Mr Brand has achieved fame recovering stolen artwork since 2015 when he found Hitler’s Horses – two Nazi statues that stood outside Hitler’s office.
Where was the Cypriot mosaic?
The Byzantine depiction of Saint Mark was stolen in the 1970s from Panayia Kanakaria church, about 105km (65 miles) north-east of the Cypriot capital, Nicosia.
Mr Brand spent nearly two years chasing the work across Europe, finally tracking it down in the possession of a British family.
They had “bought the mosaic in good faith more than four decades ago”, the investigator told AFP news agency.

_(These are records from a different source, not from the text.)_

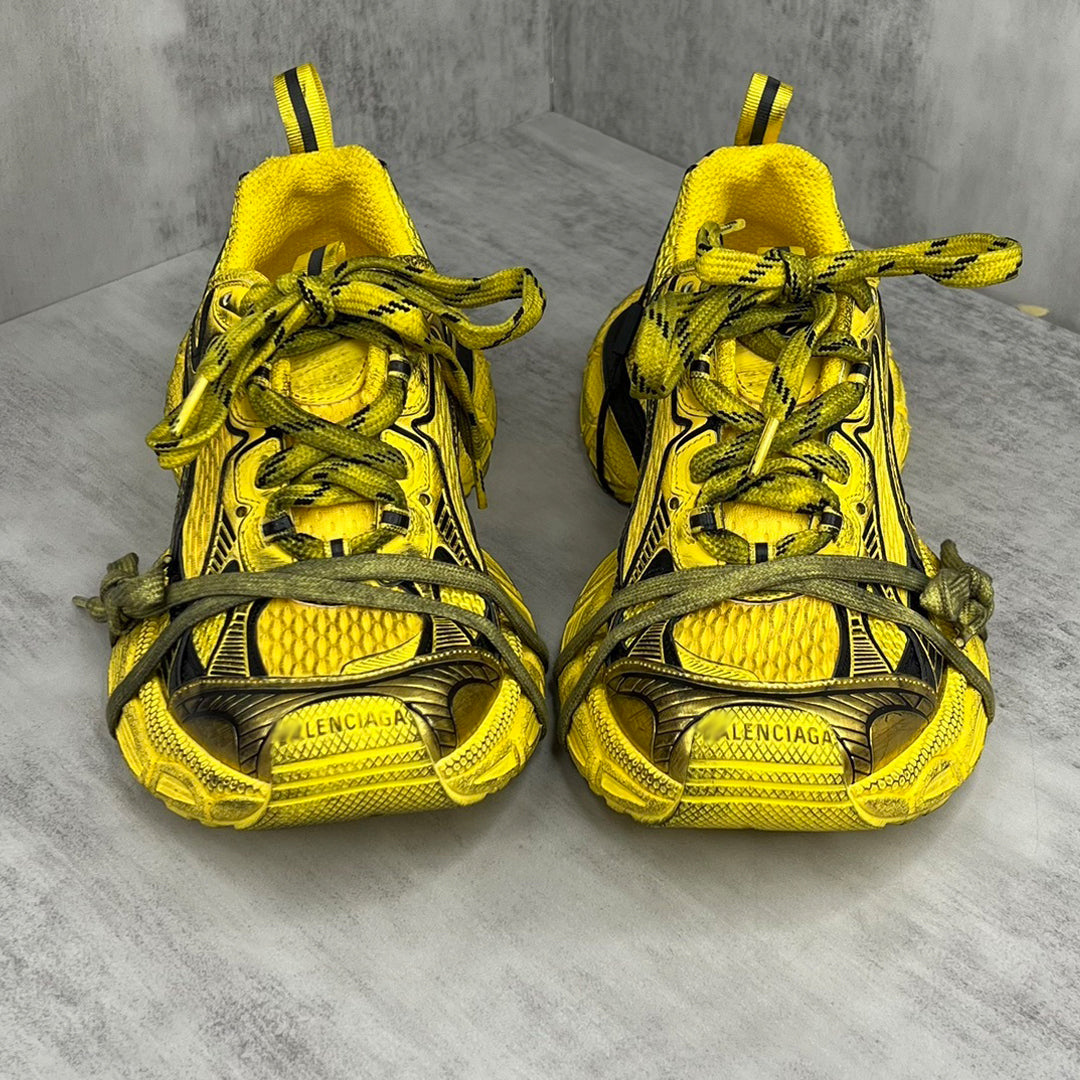 Balenciaga Limited Edition Couples Sneaker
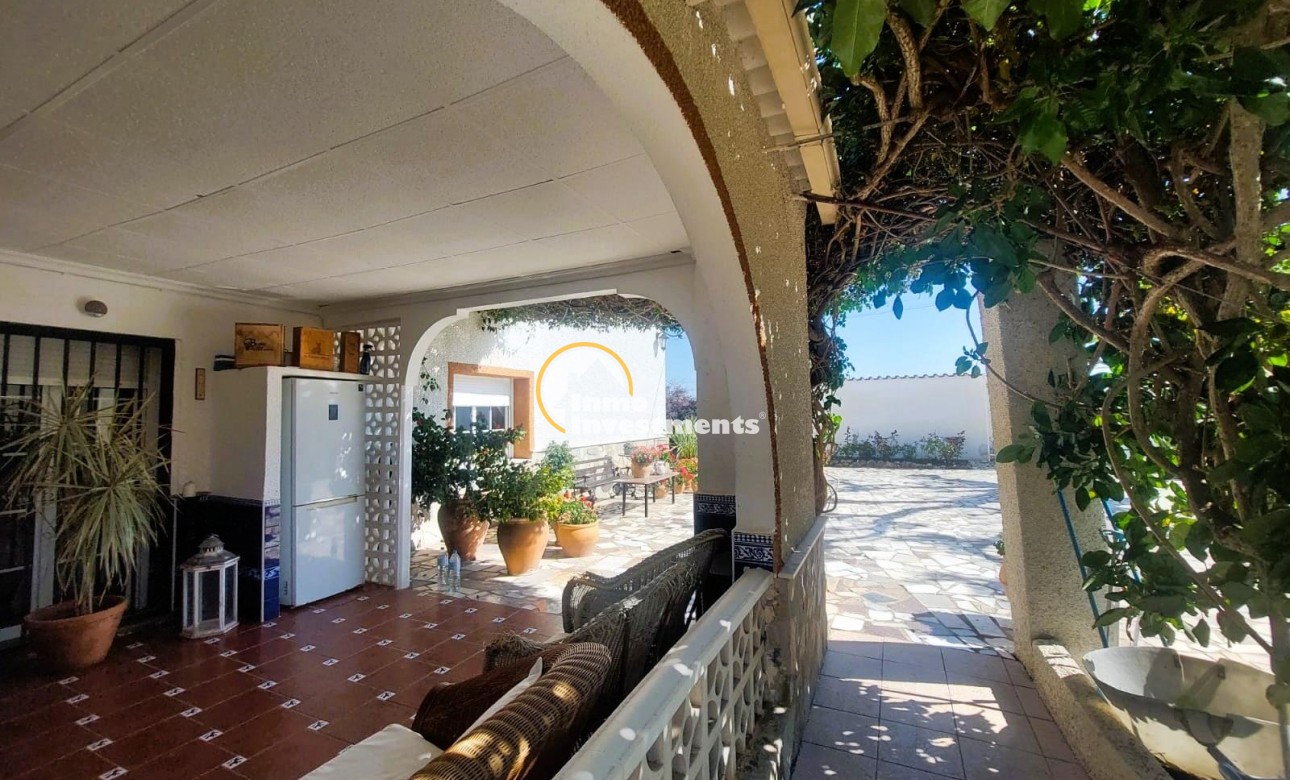 Revente privée - Finca - La Marina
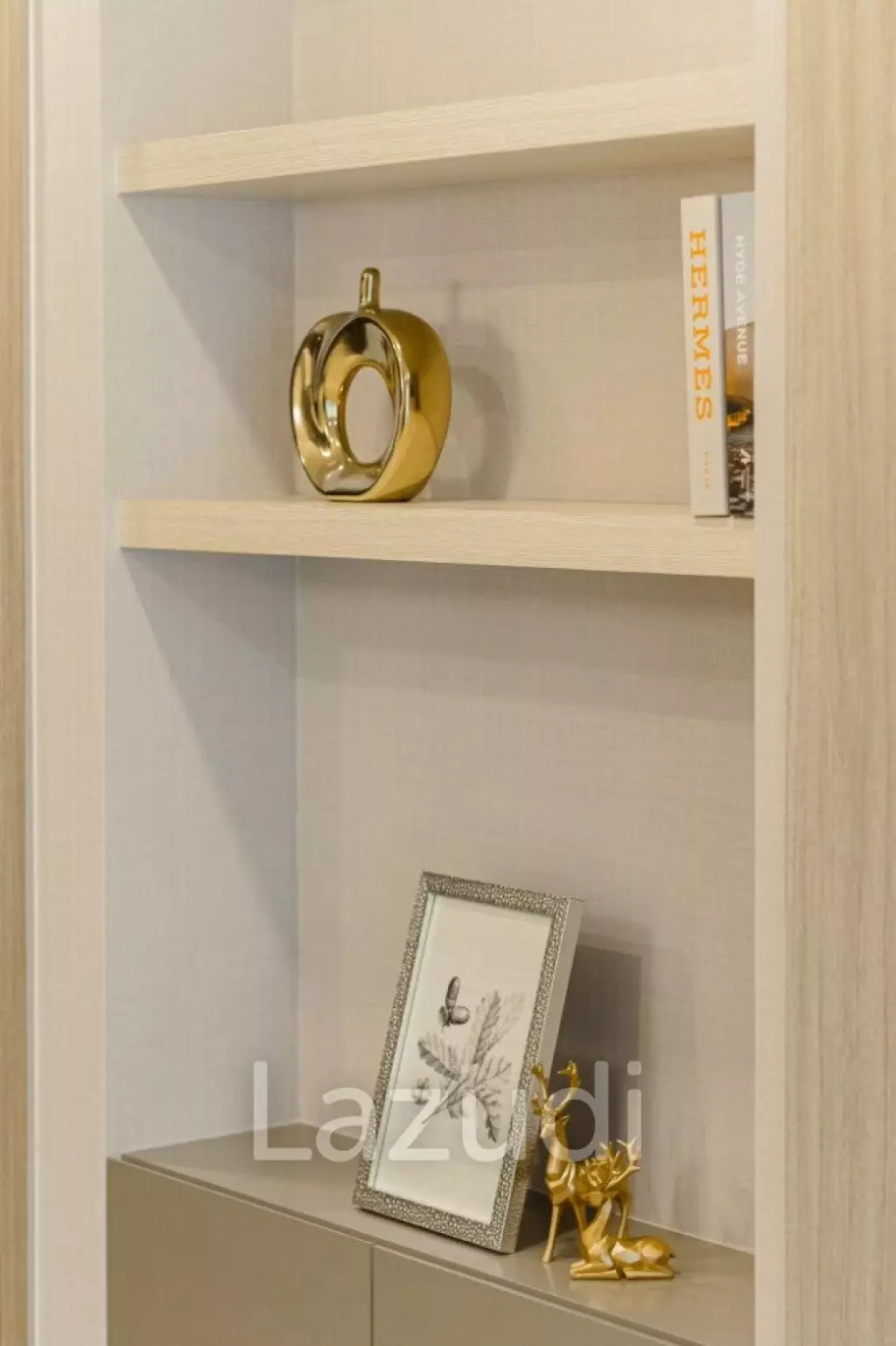 1 Bed 1 Bath 35 SQ.M at Cooper Siam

“They were horrified when they found out that it was in fact a priceless art treasure, looted from the Kanakaria church after the Turkish invasion,” Mr Brand said.
“It was one of the greatest moments of my life,” the investigator said.
The newest instalment of the Indiana Jones franchise, which stars Harrison Ford in the title role, is scheduled for release in 2020.
Recovering stolen masterpieces
The 2002 Van Gogh museum raid was one of a series of thefts that shocked the art world.
In 2004, two Edvard Munch masterpieces, The Scream and Madonna, were seized by armed men who raided the Munch museum in Oslo. Several men were jailed and the paintings later recovered after painstaking detective work in 2006.
Another version of The Scream was stolen from the National Art Museum in Oslo in 1994 and that too was later recovered in a sting operation by UK detectives.
In 2012, seven artworks were stolen from Rotterdam’s Kunsthal museum, including paintings by Picasso, Monet and Matisse. Two thieves were later jailed, telling a Bucharest court that security at the museum had been lax. Some of the paintings were destroyed in an oven.
Earlier this year, four paintings out of a haul of 24 stolen from a Dutch gallery in 2005 were recovered in Ukraine.